Defining the data and the timing of reporting is the hardest task, says a scorecard veteran.

Illustration by Lars Leetaru
When Robert Kaplan and David Norton published “The Balanced Scorecard: Measures that Drive Performance” in the Harvard Business Review in 1992, the idea of measuring business performance from financial and nonfinancial perspectives was novel. Their original balanced scorecard significantly advanced the notion that effective performance measurement must provide a view of both.

Today, the balanced scorecard is one of the most widely used and hotly debated management tools in the executive arsenal. Countless permutations of the original Kaplan and Norton framework, in an equally varied multitude of applications, have been tried by all kinds of organizations. Although the original balanced scorecard concept was meant to assess the health of an entire business, the basic concept has been adapted to fit business units and support organizations. When it works, the scorecard is a powerful resource to help executives understand past and current performance, and plan for the future.

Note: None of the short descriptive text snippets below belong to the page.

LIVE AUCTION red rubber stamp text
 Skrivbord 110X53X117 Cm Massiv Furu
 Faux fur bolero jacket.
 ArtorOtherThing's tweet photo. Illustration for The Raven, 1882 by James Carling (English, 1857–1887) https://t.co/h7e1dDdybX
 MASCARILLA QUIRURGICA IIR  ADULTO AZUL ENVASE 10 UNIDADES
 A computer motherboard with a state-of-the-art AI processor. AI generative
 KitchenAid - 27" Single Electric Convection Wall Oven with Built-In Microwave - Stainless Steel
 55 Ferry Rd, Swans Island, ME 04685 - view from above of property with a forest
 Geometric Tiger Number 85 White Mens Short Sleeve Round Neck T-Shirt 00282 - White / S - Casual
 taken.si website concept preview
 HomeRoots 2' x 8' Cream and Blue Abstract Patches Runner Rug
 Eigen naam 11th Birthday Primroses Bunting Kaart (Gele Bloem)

Scorecards can be a great resource for managing the IT function. First, considerable numeric data is available to measure systems performance. Second, IT scorecards can be designed to measure end-user benefits and satisfaction. Third, scorecards can be a powerful vehicle to bridge the communication gap between IT professionals and the business customers they serve. So, when I took over as CIO of Booz Allen Hamilton in 2000, I wanted to set up a scorecard for my own management team.

Whether the cause is information systems’ mystique, executives’ technophobia, or poor marketing by information technology managers, for most senior business executives, delving into IT reports has limited appeal. IT performance reports that appear in a form comparable to reports of other business functions can offer a clearer window for businesspeople into the IT domain, particularly when it reveals corporate senior management and business unit leaders the value they receive from IT services.

Why Scorecards Fail
As is the case with any business tool, however, the scorecard is not a magic wand; its value depends heavily on how it is implemented. I had the advantage of having worked for Booz Allen as a management consultant advising CEOs, CIOs, and other senior executives, so I knew what we were taking on.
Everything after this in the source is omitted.